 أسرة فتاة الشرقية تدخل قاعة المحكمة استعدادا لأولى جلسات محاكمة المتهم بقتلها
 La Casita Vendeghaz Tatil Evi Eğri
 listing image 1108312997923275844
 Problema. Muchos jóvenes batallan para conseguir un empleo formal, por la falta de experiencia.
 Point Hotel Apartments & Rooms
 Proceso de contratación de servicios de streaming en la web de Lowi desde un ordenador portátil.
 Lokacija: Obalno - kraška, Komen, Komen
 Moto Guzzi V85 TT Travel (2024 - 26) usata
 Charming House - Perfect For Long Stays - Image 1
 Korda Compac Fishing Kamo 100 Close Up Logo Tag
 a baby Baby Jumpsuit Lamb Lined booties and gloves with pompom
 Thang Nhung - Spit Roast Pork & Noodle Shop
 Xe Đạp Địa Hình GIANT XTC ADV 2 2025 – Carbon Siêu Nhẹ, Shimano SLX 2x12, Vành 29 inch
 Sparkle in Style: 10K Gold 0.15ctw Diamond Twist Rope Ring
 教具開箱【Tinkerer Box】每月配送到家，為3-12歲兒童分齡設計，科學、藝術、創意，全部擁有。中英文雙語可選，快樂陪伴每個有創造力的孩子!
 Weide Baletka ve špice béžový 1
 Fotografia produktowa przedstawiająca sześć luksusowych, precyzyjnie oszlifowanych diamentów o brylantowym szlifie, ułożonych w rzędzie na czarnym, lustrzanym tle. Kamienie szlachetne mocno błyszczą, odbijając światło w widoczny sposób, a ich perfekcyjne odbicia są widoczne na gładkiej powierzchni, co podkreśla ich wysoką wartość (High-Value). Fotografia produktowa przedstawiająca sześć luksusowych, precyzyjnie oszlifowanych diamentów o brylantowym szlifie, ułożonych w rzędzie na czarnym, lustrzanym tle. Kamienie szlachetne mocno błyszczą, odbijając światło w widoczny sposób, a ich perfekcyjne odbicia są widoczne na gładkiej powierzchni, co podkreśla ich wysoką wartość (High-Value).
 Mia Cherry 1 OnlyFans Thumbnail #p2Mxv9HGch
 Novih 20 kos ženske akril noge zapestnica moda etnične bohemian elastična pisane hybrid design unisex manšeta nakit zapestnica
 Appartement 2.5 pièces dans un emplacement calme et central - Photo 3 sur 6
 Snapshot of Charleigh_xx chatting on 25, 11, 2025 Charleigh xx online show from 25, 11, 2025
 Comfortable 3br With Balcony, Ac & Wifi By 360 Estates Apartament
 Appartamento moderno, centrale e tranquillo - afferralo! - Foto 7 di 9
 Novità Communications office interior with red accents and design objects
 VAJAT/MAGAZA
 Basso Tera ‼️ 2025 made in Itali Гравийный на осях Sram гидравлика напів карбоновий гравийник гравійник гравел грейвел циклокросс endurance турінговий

About this exercise:
Return only the lines spanning from the first line of the material through the line with "VAJAT/MAGAZA", copied exactly, both ends kept.

Response area:
 أسرة فتاة الشرقية تدخل قاعة المحكمة استعدادا لأولى جلسات محاكمة المتهم بقتلها
 La Casita Vendeghaz Tatil Evi Eğri
 listing image 1108312997923275844
 Problema. Muchos jóvenes batallan para conseguir un empleo formal, por la falta de experiencia.
 Point Hotel Apartments & Rooms
 Proceso de contratación de servicios de streaming en la web de Lowi desde un ordenador portátil.
 Lokacija: Obalno - kraška, Komen, Komen
 Moto Guzzi V85 TT Travel (2024 - 26) usata
 Charming House - Perfect For Long Stays - Image 1
 Korda Compac Fishing Kamo 100 Close Up Logo Tag
 a baby Baby Jumpsuit Lamb Lined booties and gloves with pompom
 Thang Nhung - Spit Roast Pork & Noodle Shop
 Xe Đạp Địa Hình GIANT XTC ADV 2 2025 – Carbon Siêu Nhẹ, Shimano SLX 2x12, Vành 29 inch
 Sparkle in Style: 10K Gold 0.15ctw Diamond Twist Rope Ring
 教具開箱【Tinkerer Box】每月配送到家，為3-12歲兒童分齡設計，科學、藝術、創意，全部擁有。中英文雙語可選，快樂陪伴每個有創造力的孩子!
 Weide Baletka ve špice béžový 1
 Fotografia produktowa przedstawiająca sześć luksusowych, precyzyjnie oszlifowanych diamentów o brylantowym szlifie, ułożonych w rzędzie na czarnym, lustrzanym tle. Kamienie szlachetne mocno błyszczą, odbijając światło w widoczny sposób, a ich perfekcyjne odbicia są widoczne na gładkiej powierzchni, co podkreśla ich wysoką wartość (High-Value). Fotografia produktowa przedstawiająca sześć luksusowych, precyzyjnie oszlifowanych diamentów o brylantowym szlifie, ułożonych w rzędzie na czarnym, lustrzanym tle. Kamienie szlachetne mocno błyszczą, odbijając światło w widoczny sposób, a ich perfekcyjne odbicia są widoczne na gładkiej powierzchni, co podkreśla ich wysoką wartość (High-Value).
 Mia Cherry 1 OnlyFans Thumbnail #p2Mxv9HGch
 Novih 20 kos ženske akril noge zapestnica moda etnične bohemian elastična pisane hybrid design unisex manšeta nakit zapestnica
 Appartement 2.5 pièces dans un emplacement calme et central - Photo 3 sur 6
 Snapshot of Charleigh_xx chatting on 25, 11, 2025 Charleigh xx online show from 25, 11, 2025
 Comfortable 3br With Balcony, Ac & Wifi By 360 Estates Apartament
 Appartamento moderno, centrale e tranquillo - afferralo! - Foto 7 di 9
 Novità Communications office interior with red accents and design objects
 VAJAT/MAGAZA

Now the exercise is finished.